Jan. 13 (Bloomberg) -- President Barack Obama asked Congress for another $1.2 trillion in government borrowing authority, the third and final request under an August deal with lawmakers that averted a U.S. default.
The president’s notification to congressional leaders yesterday starts a 15-day countdown for lawmakers to consider and vote on a joint resolution disapproving of the increase.
Laena Fallon, a spokeswoman for Majority Leader Eric Cantor, a Virginia Republican, said the House is expected to vote on a resolution on Jan. 18. The Senate, where Democrats hold a majority, returns to work the following week.
Under legislation passed Aug. 2 after months of negotiating between the administration and Republican lawmakers, the president has authority to veto any disapproval resolution that clears both chambers of Congress.

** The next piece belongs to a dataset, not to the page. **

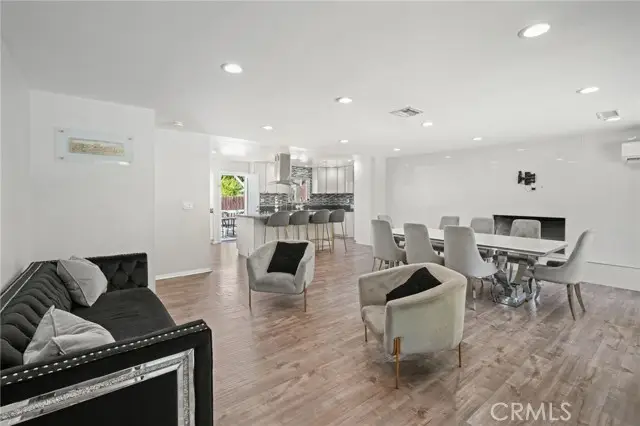 18433 Tarzana Drive, Tarzana, CA 91356 - Image #2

While the request to raise the debt ceiling is a formality laid out in last year’s agreement, the national debt will play into the presidential campaign and congressional races that will be decided in November. After the economy and jobs, the federal deficit is among the top concerns mentioned by voters in polls.
A spokesman for House Speaker John Boehner used the request to criticize Obama on the budget and the deficit.
“This request is another reminder that the president has consistently punted on the tough choices needed to rein in the deficit and protect important programs for American seniors from going bankrupt,” Brendan Buck said in an e-mail.
The deficit in fiscal 2011 was $1.3 trillion and the White House budget office in September forecast it will be $956 billion in the current fiscal year.
Lawmakers rejected a proposal Obama made in September to trim the nation’s long-term deficit by $3 trillion beyond the $1 trillion that was agreed to as part of the deal to raise the debt ceiling. Obama plans to reprise those plans as part of his 2013 budget, administration officials said yesterday.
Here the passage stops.